The following code shows how to define a procedure vector-bisect-index
which returns the smallest index of val in the vector a, or #f
if val is not actually in a, according to the given SRFI 128 comparator cmpr.
(define (vector-bisect-index a val cmpr)
(let ((idx (vector-bisect-left a val (comparator-ordering-predicate cmpr))))
(and (< idx (vector-length a))
(=? cmpr val (vector-ref a idx))
idx)))
The sample implementation in the Git repository for this SRFI should be correct and work on all compliant R7RS small implementations, although programmers working on Schemes with no automatic promotion of the results of +
to bignums and very large sequences (typically more than a gibi-entry or so in size, depending on fixnum range) should be aware of the possibility of integer overflow. See Joshua Bloch, ‘Extra, Extra — Read All About It: Nearly All Binary Searches and Mergesorts are Broken’. Supporting Scheme systems without automatic bignum promotion is not a goal of the sample implementation.
Thanks to:
John Cowan, for suggesting a more rigorous specification of the less? parameter, using language from SRFI 128, which in turn inspired an altogether clearer description of what the programmer’s responsibilities are in terms of providing correct values to the procedures in this library;
Marc Nieper-Wißkirchen, for suggesting using SRFI 128 comparators instead of bare comparison predicates, and Daniel Itaborai, for requesting higher-level procedures, which suggestions were not adopted but together inspired the above example of implementing vector-bisect-index
;
Arthur Gleckler, for editing this SRFI and many others, and suggesting a cleaner implementation of vector-bisect-index
;
and especially to
Sundarshan S. Chawathe, who by attempting to create an independent implementation of this library uncovered ambiguities and problems in the specifications of bisect-left
and bisect-right
in earlier drafts of this SRFI.
The sample implementation is essentially a translation of the Python standard library implementation of binary search in bisect.py
into Scheme.
Any remaining errors in specification or sample implementation are the author’s and the author’s alone.

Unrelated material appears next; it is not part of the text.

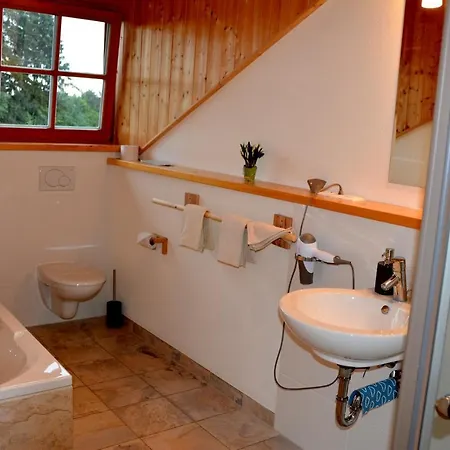Gaestehaus Wild-schuetz Oda ve Kahvaltı Schwangau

© 2021 Daphne Preston-Kendal (text and sample implementation in Scheme).
© 1992–2019 Python Software Foundation (guideline algorithm implementation in Python).
Permission is hereby granted, free of charge, to any person obtaining a copy of this software and associated documentation files (the "Software"), to deal in the Software without restriction, including without limitation the rights to use, copy, modify, merge, publish, distribute, sublicense, and/or sell copies of the Software, and to permit persons to whom the Software is furnished to do so, subject to the following conditions:
The above copyright notice and this permission notice (including the next paragraph) shall be included in all copies or substantial portions of the Software.
THE SOFTWARE IS PROVIDED "AS IS", WITHOUT WARRANTY OF ANY KIND, EXPRESS OR IMPLIED, INCLUDING BUT NOT LIMITED TO THE WARRANTIES OF MERCHANTABILITY, FITNESS FOR A PARTICULAR PURPOSE AND NONINFRINGEMENT. IN NO EVENT SHALL THE AUTHORS OR COPYRIGHT HOLDERS BE LIABLE FOR ANY CLAIM, DAMAGES OR OTHER LIABILITY, WHETHER IN AN ACTION OF CONTRACT, TORT OR OTHERWISE, ARISING FROM, OUT OF OR IN CONNECTION WITH THE SOFTWARE OR THE USE OR OTHER DEALINGS IN THE SOFTWARE.